Тем самым и в иудейской религии основные догмы теологической школы конфликтологии были реализованы, пусть и не в полном объеме.
На этом основании можно сделать промежуточный вывод, что далеко не каждый богослов был сторонником негативистской доктрины и относить всех священников к данному направлению было бы опрометчиво. В качестве примера можно привести одно из наиболее ярких учений эпохи Средневековья – манихейство[9]9
Манихейство – древнее персидское учение о вечной борьбе между началами добра и зла.
[Закрыть]. Догматический фундамент данного учения, сформулированного мистиком Мани в III в. н. э., до сих влияет на образ конфликтов в сознании как рядовых граждан, так и государственных деятелей разного уровня.
По авторитетному мнению российского социолога А. С. Ахиезера, «манихейство – вечный соблазн культуры. Оно выражается в стремлении решать сложные проблемы, редуцируя, упрощая их до плоской древней идеи, что в любом случае есть злобный виновник». Иначе говоря, «решение проблемы, каким бы оно ни было сложным, сводится к выявлению, разоблачению и изгнанию бесов». В этой картине мира любой человек мог обладать либо абсолютным набором добродетелей, либо быть подобным демону. Хотя манихеи старались ограничивать даже уничтожение растений и животных (они представлялись бессознательными хранителями души мира), в отношении людей для данного вероучения была характерна «абсолютизация ненависти к врагам». В этом свете не удивительно, что уже в IV в. император Восточной Римской Империи Феодосий издал закон против манихеев. Тем не менее корни их учения, с точки зрения современных авторов, могут быть найдены в более поздних источниках, включая даже большевистскую идеологию.
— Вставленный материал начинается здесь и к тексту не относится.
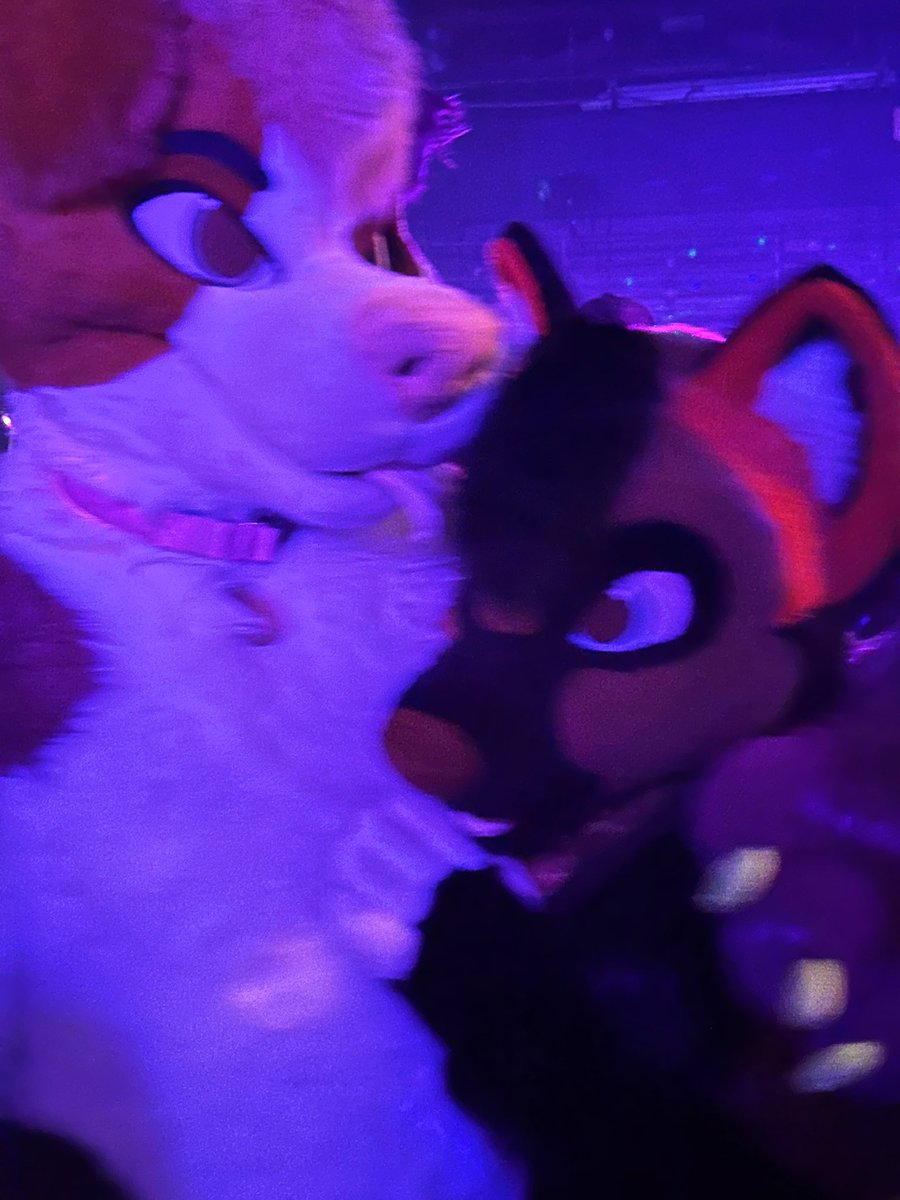So fortunate we have such a fun event in Toronto. Fierce was such an amazing vibe .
И в буддизме, и в иудаизме, и (как станет видно дальше) в христианстве и исламе шла и продолжает идти борьба между разными, порой диаметрально противоположными тенденциями в восприятии конфликтов. Будь иначе, то в христианской Европе никогда бы не появились духовно-рыцарские ордена (Тамплиеры, Госпитальеры и др.), создание которых, по мнению историка Н. Д. Тальберга, нарушало сами основы христианской этики, так как «дикая страсть к войне и военным подвигам, совершенно противная христианским понятиям, считалась главным достоинством рыцаря». Не было бы ни Святой инквизиции («Святого отдела расследований еретической греховности»), ни Ордена иезуитов[10]10
Орден иезуитов (Общество Иисуса) – мужской монашеский орден Римско-католической церкви, созданный в целях распространения и утверждения христианской веры и церкви и использованный в борьбе со сторонниками Реформации.
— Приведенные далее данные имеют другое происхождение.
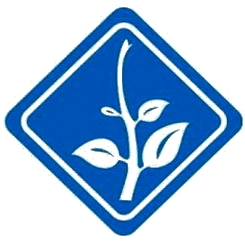 cánh mềm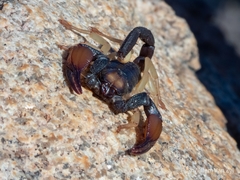 Opistophthalmus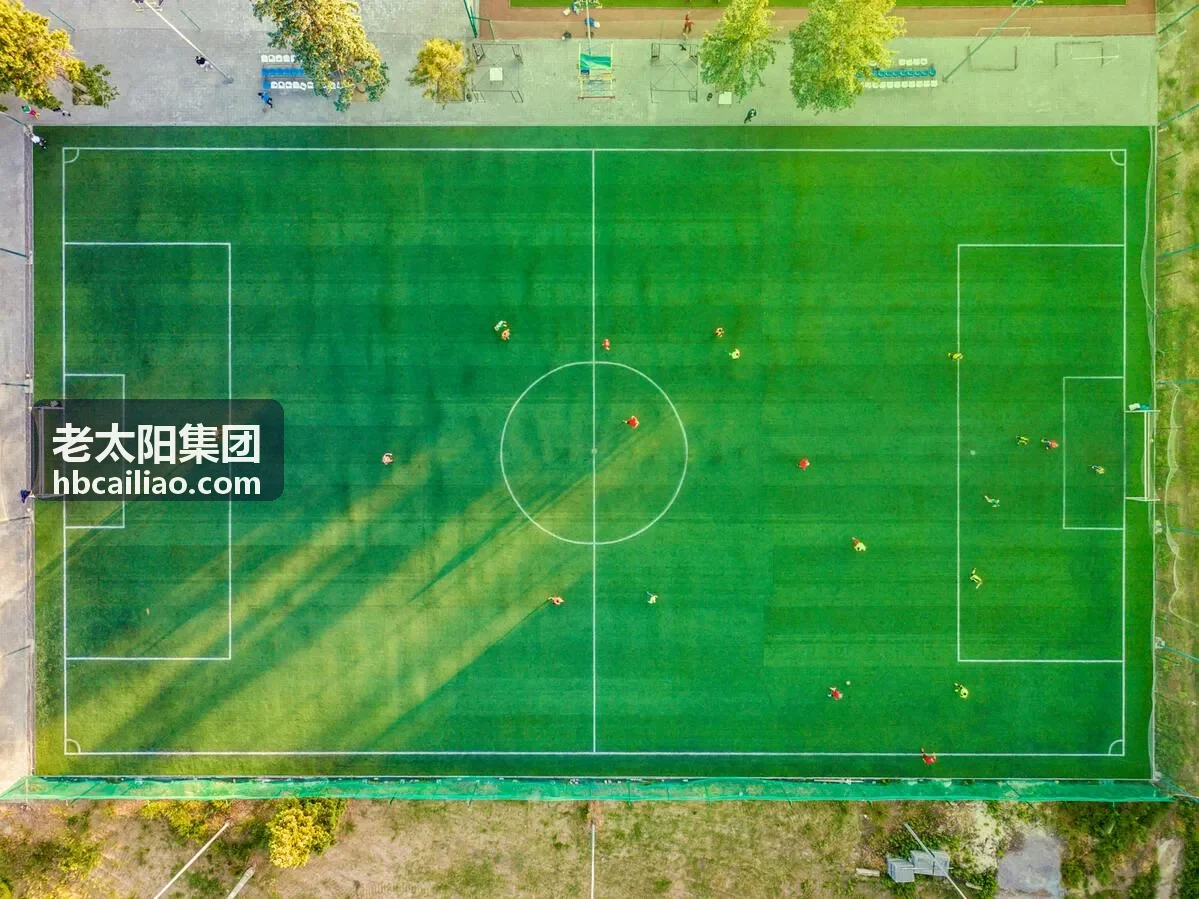老太阳防水卷材展示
[Закрыть], существующего и поныне. жестокие времена и необходимость решения сложных социально-политических задач часто доводили религию до воинствующего фанатизма, даже милитаристского стиля управления конфликтами. Однако даже в условиях, когда война была «эндемическим состоянием западноевропейского общества» (выражение английского историка М. Н. Кина), большинство богословов не отрекались от идей мира и согласия.
Заметим, что детальное рассмотрение творчества представителей теологической школы конфликтологии показывает, что рождение наиболее ярких и неординарных идей в данной области связано с эпохой Средневековья, что неудивительно – ведь именно в этот период начинается активная борьба нескольких мировых религий, заставившая их представителей искать корни развернувшихся масштабных конфликтов. Говоря о развитии теологической школы в Средние века, нельзя обойти стороной христианскую философскую мысль.
Анализируя Новый Завет, крайне сложно воспринимать христианство в каком-либо контексте, кроме миротворческого. Миролюбивые мотивы отчетливо выражены, например, в Евангелии от Матфея, где прямо указывается на поощрение Богом примирения конфликтующих: «Блаженны миротворцы, ибо они будут наречены сынами Божиими». Даже когда речь заходит о войне, она, как правило, понимается в духовном, а не политическом значении. Как сказал апостол Павел, «оружия воинствования нашего не плотские, но сильные Богом на разрушение твердынь», т. е. христиане могучи не силой армии и оружия, а верой в Бога. Несмотря на крайнюю простоту и доступность этой идеи, она получила развитие в виде множество трактовок и гипотез.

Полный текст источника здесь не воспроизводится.